■ Exercise requirements:
Ignoring the images, restate the records below word for word.

◆ ◆ ◆ ◆ ◆

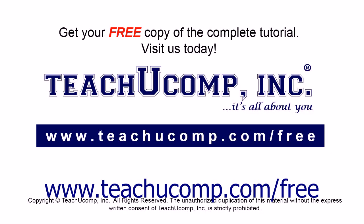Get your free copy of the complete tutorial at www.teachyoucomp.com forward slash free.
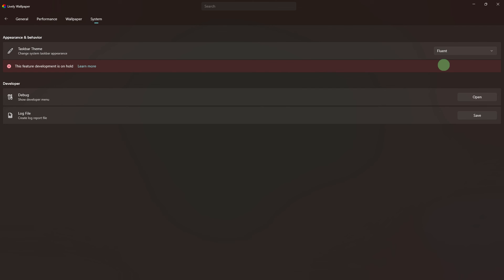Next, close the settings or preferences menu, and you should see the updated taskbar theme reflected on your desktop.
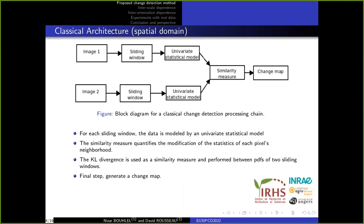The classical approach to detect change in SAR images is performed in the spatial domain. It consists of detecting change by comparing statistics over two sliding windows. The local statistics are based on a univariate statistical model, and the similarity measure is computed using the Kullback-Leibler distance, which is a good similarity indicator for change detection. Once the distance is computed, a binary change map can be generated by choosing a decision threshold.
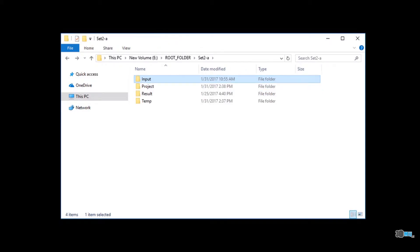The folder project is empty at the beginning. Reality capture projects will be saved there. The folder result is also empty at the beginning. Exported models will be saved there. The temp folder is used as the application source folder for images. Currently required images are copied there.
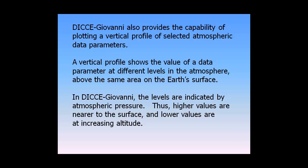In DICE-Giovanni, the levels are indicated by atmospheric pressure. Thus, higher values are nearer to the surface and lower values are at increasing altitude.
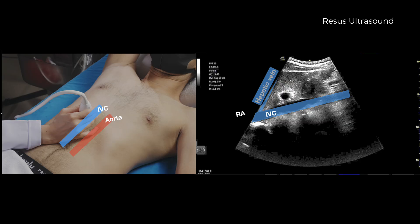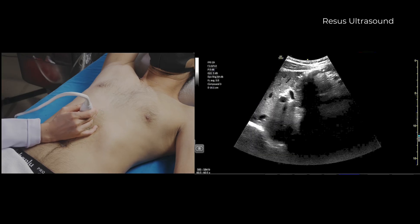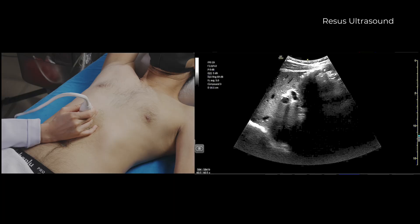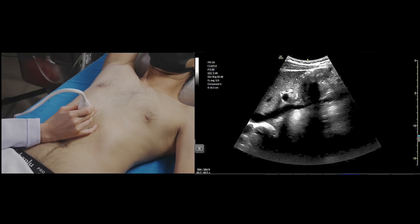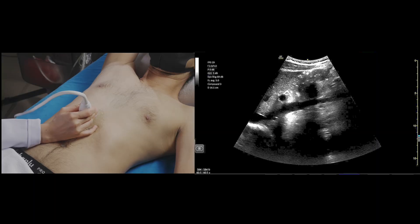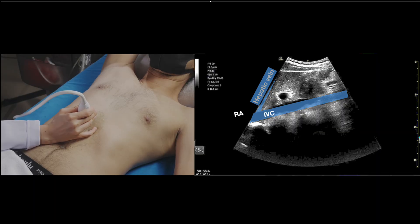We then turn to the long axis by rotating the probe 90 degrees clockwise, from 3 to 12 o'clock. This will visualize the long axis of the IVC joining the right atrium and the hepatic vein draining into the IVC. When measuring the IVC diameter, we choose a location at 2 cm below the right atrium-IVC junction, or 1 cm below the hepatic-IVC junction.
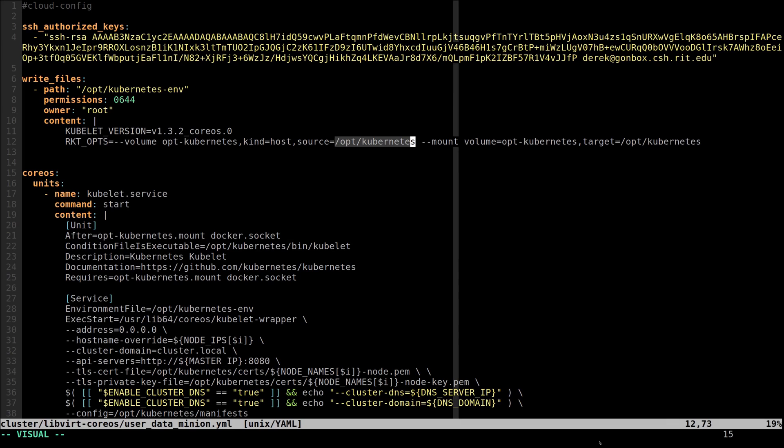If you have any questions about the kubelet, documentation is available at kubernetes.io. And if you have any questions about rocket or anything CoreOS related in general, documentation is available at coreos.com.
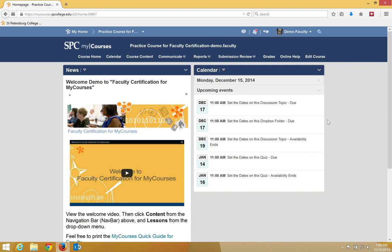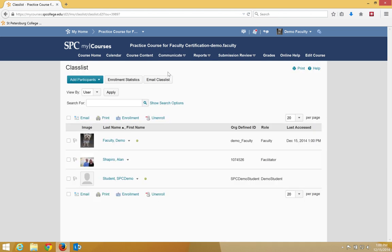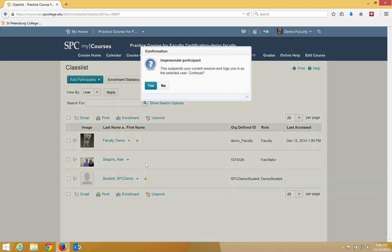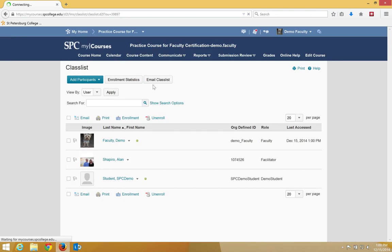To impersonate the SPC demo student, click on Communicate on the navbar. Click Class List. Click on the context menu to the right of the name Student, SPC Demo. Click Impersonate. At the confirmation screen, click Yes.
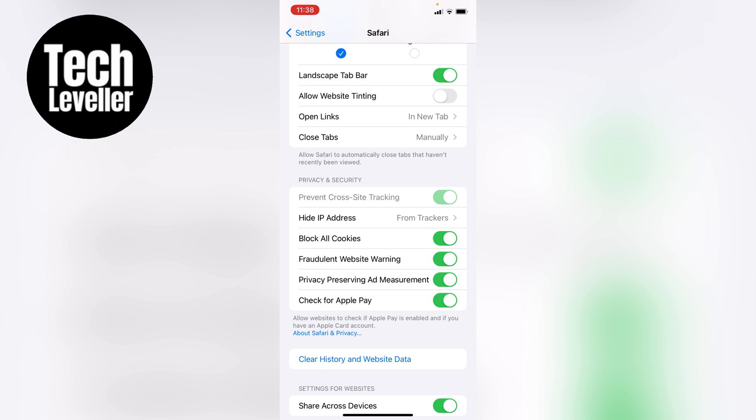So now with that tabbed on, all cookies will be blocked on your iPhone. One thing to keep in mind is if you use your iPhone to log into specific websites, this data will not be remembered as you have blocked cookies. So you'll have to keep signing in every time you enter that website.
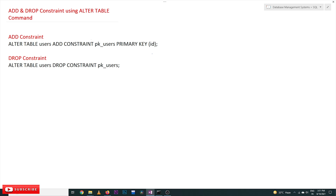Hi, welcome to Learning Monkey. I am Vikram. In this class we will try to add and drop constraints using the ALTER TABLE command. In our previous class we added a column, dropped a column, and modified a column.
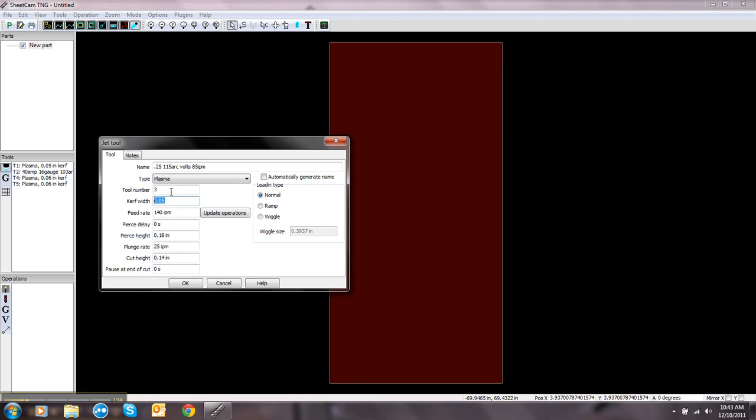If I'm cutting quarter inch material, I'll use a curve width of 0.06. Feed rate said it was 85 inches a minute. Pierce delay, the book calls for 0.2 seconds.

◆ ◆ ◆ ◆ ◆

■ Exercise solution:
Get your free copy of the complete tutorial at www.teachyoucomp.com forward slash free.
Next, close the settings or preferences menu, and you should see the updated taskbar theme reflected on your desktop.
The classical approach to detect change in SAR images is performed in the spatial domain. It consists of detecting change by comparing statistics over two sliding windows. The local statistics are based on a univariate statistical model, and the similarity measure is computed using the Kullback-Leibler distance, which is a good similarity indicator for change detection. Once the distance is computed, a binary change map can be generated by choosing a decision threshold.
The folder project is empty at the beginning. Reality capture projects will be saved there. The folder result is also empty at the beginning. Exported models will be saved there. The temp folder is used as the application source folder for images. Currently required images are copied there.
In DICE-Giovanni, the levels are indicated by atmospheric pressure. Thus, higher values are nearer to the surface and lower values are at increasing altitude.
We then turn to the long axis by rotating the probe 90 degrees clockwise, from 3 to 12 o'clock. This will visualize the long axis of the IVC joining the right atrium and the hepatic vein draining into the IVC. When measuring the IVC diameter, we choose a location at 2 cm below the right atrium-IVC junction, or 1 cm below the hepatic-IVC junction.
If you have any questions about the kubelet, documentation is available at kubernetes.io. And if you have any questions about rocket or anything CoreOS related in general, documentation is available at coreos.com.
To impersonate the SPC demo student, click on Communicate on the navbar. Click Class List. Click on the context menu to the right of the name Student, SPC Demo. Click Impersonate. At the confirmation screen, click Yes.
So now with that tabbed on, all cookies will be blocked on your iPhone. One thing to keep in mind is if you use your iPhone to log into specific websites, this data will not be remembered as you have blocked cookies. So you'll have to keep signing in every time you enter that website.
Hi, welcome to Learning Monkey. I am Vikram. In this class we will try to add and drop constraints using the ALTER TABLE command. In our previous class we added a column, dropped a column, and modified a column.
If I'm cutting quarter inch material, I'll use a curve width of 0.06. Feed rate said it was 85 inches a minute. Pierce delay, the book calls for 0.2 seconds.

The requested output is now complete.